Colonic irrigation has been described as an "unwise" procedure as it carries the risk of serious harm and has no proven benefit.
The consumer advocacy news program Marketplace conducted a consumer trial with three women on the effectiveness of two colon supplements versus fiber. The results showed the supplements did not assist in weight loss and provided no additional benefit over a basic fiber supplement. According to the American Cancer Society, "Available scientific evidence does not support claims that colon therapy is effective in treating cancer or any other disease".
The concept of autointoxication, the idea that food enters the intestine and rots, provides a rationale for colon cleansing. The ancient Egyptians believed that toxins formed as a result of decomposition within the intestines, and moved from there into the circulatory system, causing fever and the development of pus. The Ancient Greeks adopted and expanded the idea, applying their belief in the four humours. In the 19th century, studies in biochemistry and microbiology seemed to support the autointoxication hypothesis, and mainstream physicians promoted the idea. Daly notes that, historically, "purging was one of the few procedures that a physician could perform with visible, often impressive results and without immediate or obvious dangers".
Ilya Ilyich Mechnikov (1845-1916) became the strongest supporter of the idea of colon cleansing; he thought that toxins could shorten the lifespan. Over time, the concept broadened to autointoxication, which supposes that the body cannot fully dispose of its waste products and toxins, which then accumulate in the intestine. In some cases, the concept led to radical surgeries to remove the colon for unrelated symptoms.
Autointoxication enjoyed some favor in the medical community in the late 19th and early 20th centuries, but clinicians discarded it as advances in science failed to support its claims.

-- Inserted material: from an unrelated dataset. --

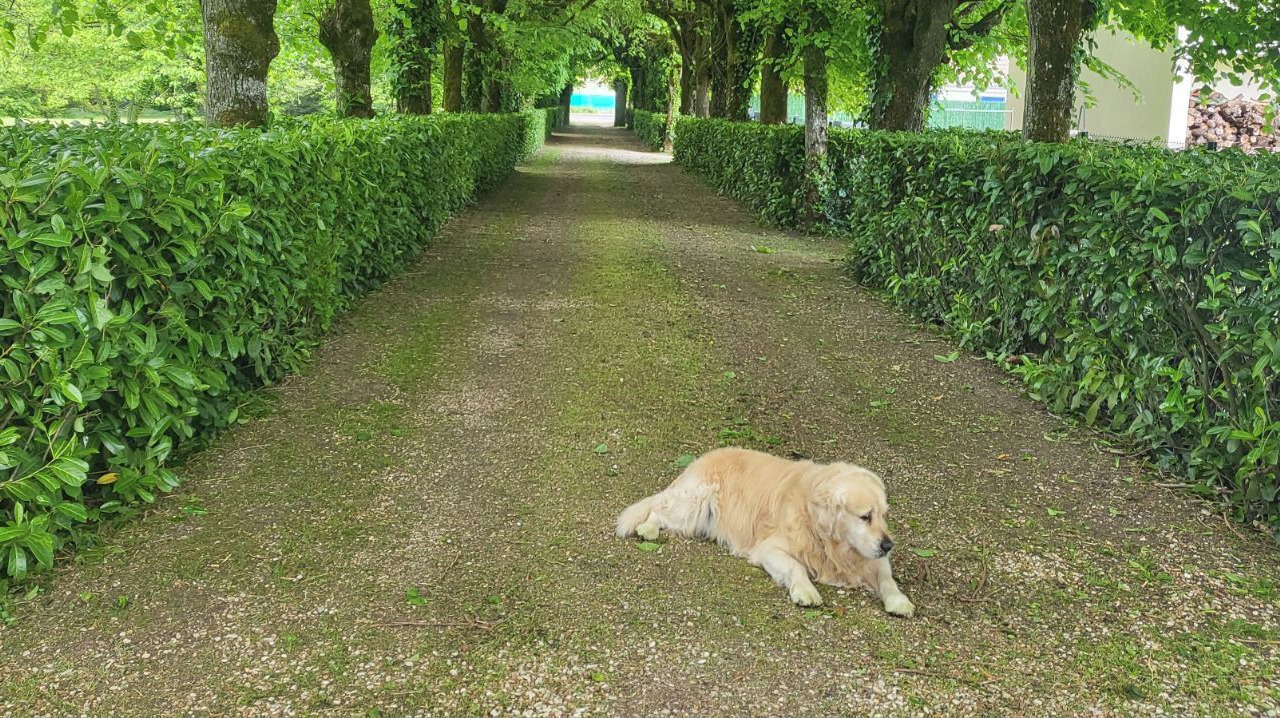 Photo of Outdoor in Neuville-aux-Bois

A 1919 paper entitled "Origin of the so-called auto-intoxication symptom" in the Journal of the American Medical Association marked the beginning of the rejection of the auto-intoxication hypothesis by the medical community.
Despite a lack of scientific support, autointoxication persists in the public imagination. In the 1990s the practice of colon cleansing experienced a resurgence in the alternative-medical community, supported by testimonials and anecdotal evidence and promoted by manufacturers of colon-cleansing products.
In the United States, the Food and Drug Administration (FDA) regulates the production of equipment used in colon hydrotherapy but does not regulate their use, or the supplements used in oral colon-cleansing regimens. Manufacturer claims do not require verification or supporting evidence. The contents of the products are also not verified or tested. The FDA has issued several letters warning manufacturers and suppliers of colon hydrotherapy equipment about making false claims of effectiveness, safety issues, and quality control violations.